Task goal. Set down, word for word, the line with "a woman wearing" and the lines after it through the final line of the data below, without pictures.

Exercise inputs.
□ □ □

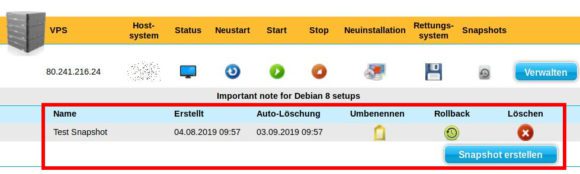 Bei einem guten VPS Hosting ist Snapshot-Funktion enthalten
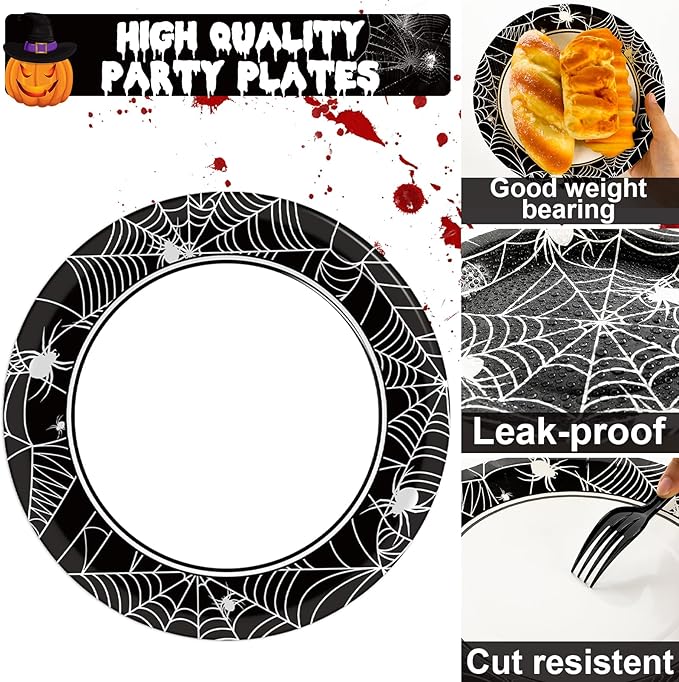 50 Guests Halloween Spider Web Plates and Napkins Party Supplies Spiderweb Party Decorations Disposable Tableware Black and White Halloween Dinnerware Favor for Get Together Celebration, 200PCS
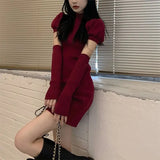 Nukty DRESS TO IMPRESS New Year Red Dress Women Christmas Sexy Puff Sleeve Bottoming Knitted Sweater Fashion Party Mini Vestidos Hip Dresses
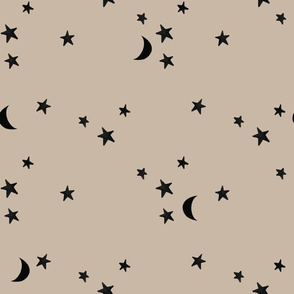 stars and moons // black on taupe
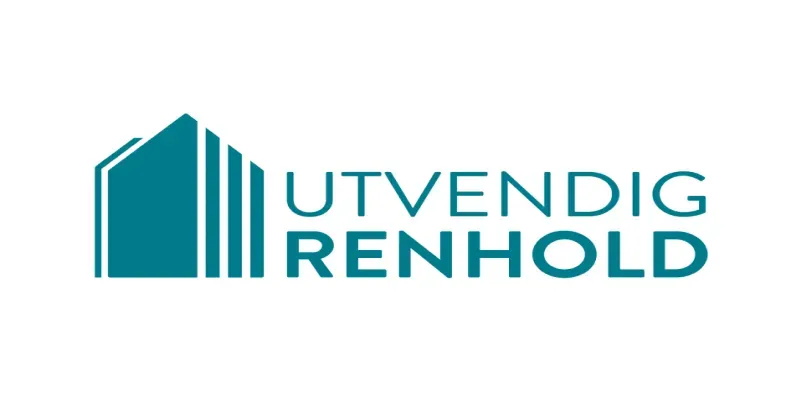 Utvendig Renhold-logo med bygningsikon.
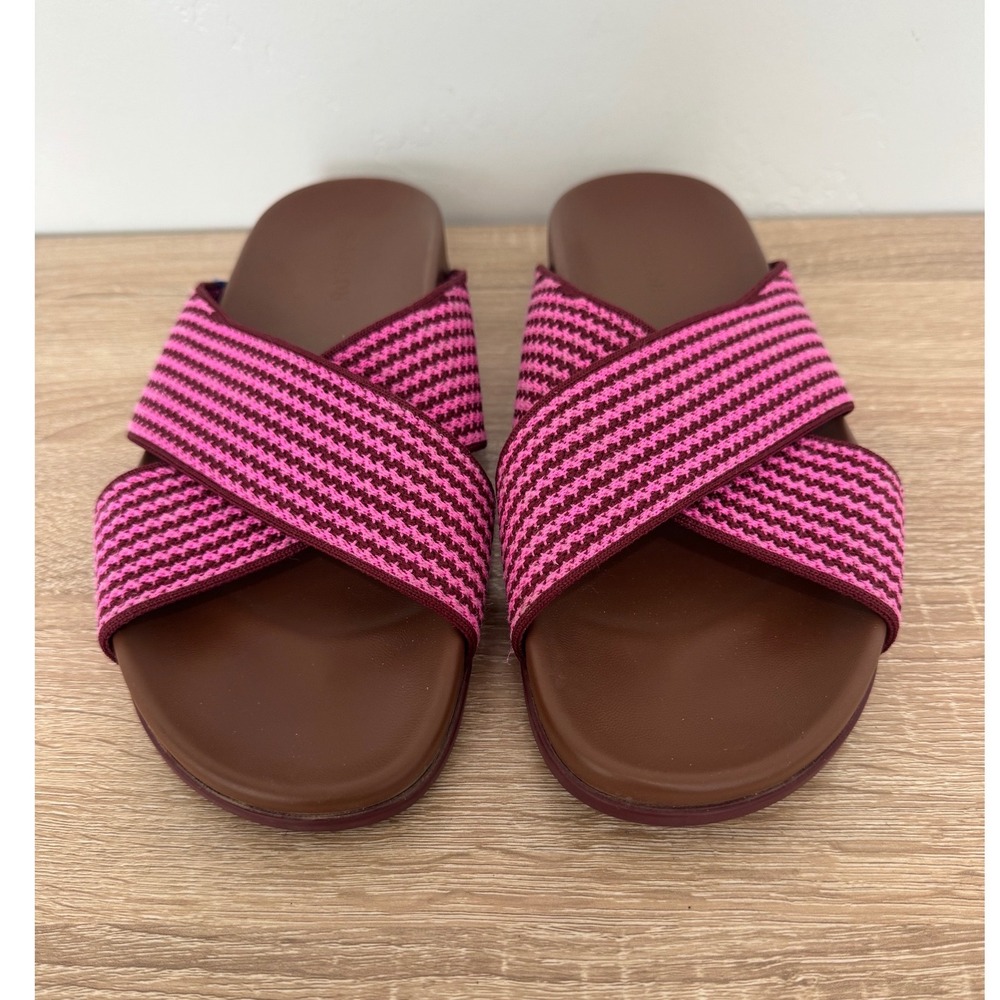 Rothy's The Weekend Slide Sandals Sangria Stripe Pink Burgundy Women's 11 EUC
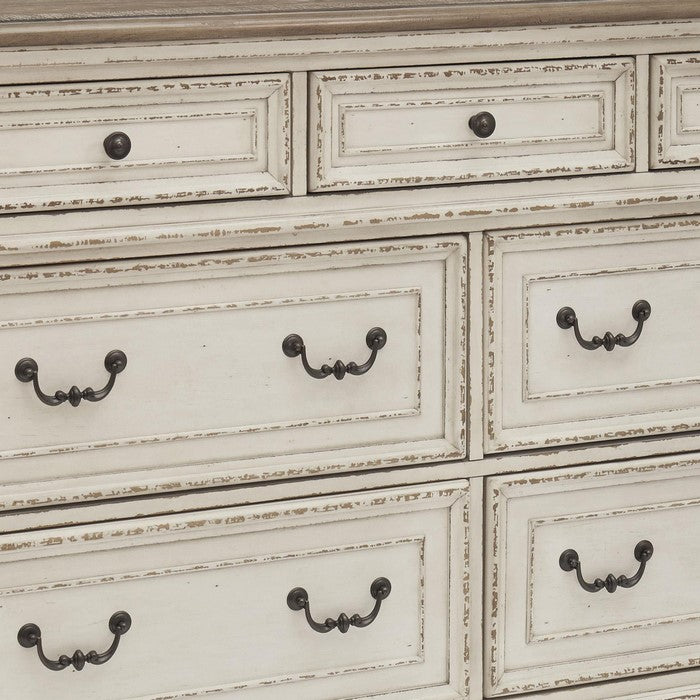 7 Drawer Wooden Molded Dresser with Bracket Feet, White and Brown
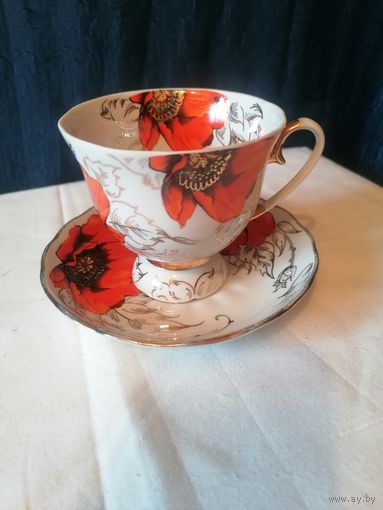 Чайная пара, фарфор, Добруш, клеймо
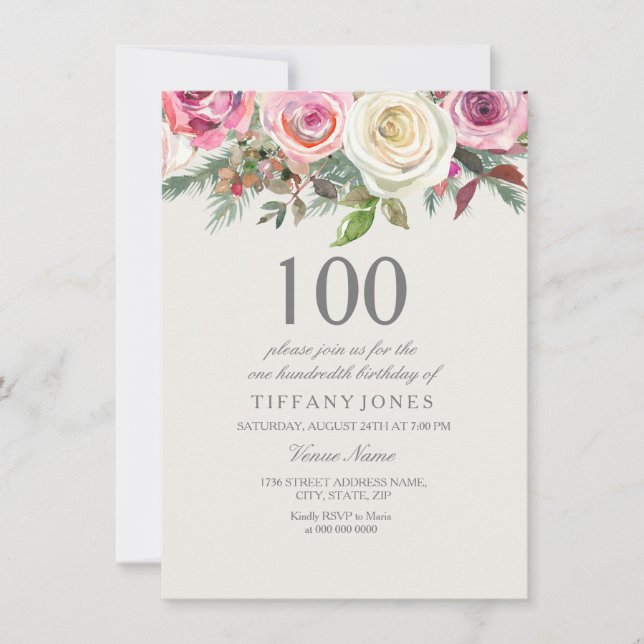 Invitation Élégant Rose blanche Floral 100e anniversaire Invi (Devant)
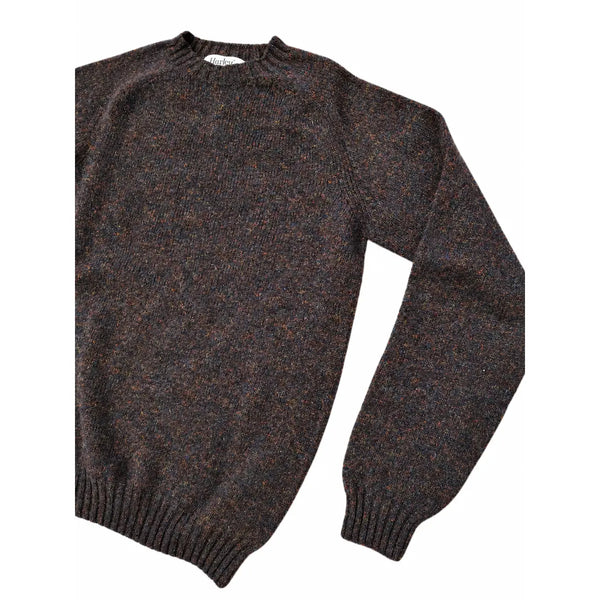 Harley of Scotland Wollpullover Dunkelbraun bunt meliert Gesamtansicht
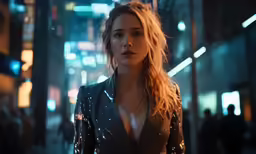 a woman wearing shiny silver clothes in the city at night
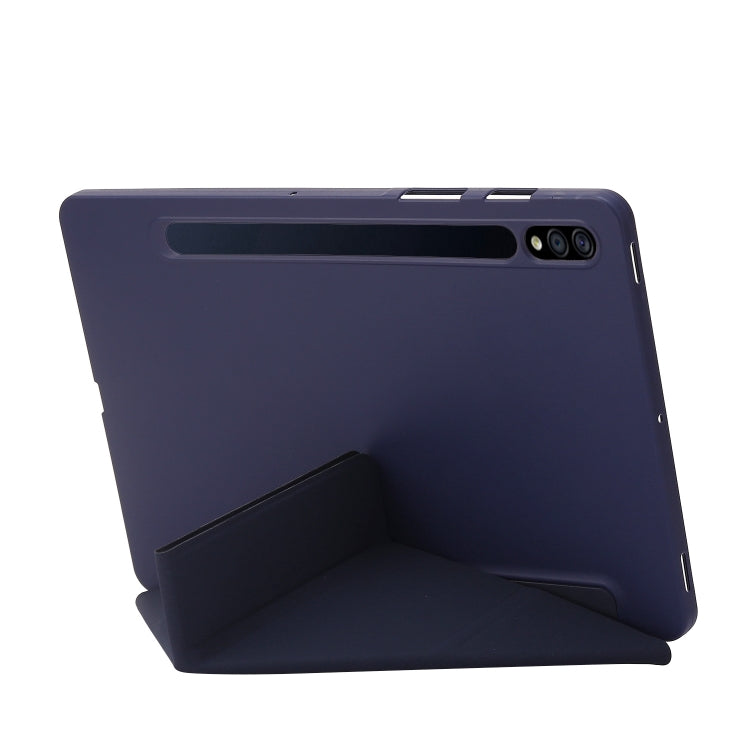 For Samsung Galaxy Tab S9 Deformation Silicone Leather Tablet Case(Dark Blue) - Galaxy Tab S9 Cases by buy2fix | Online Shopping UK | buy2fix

□ □ □

Result of this task.
 a woman wearing shiny silver clothes in the city at night
 For Samsung Galaxy Tab S9 Deformation Silicone Leather Tablet Case(Dark Blue) - Galaxy Tab S9 Cases by buy2fix | Online Shopping UK | buy2fix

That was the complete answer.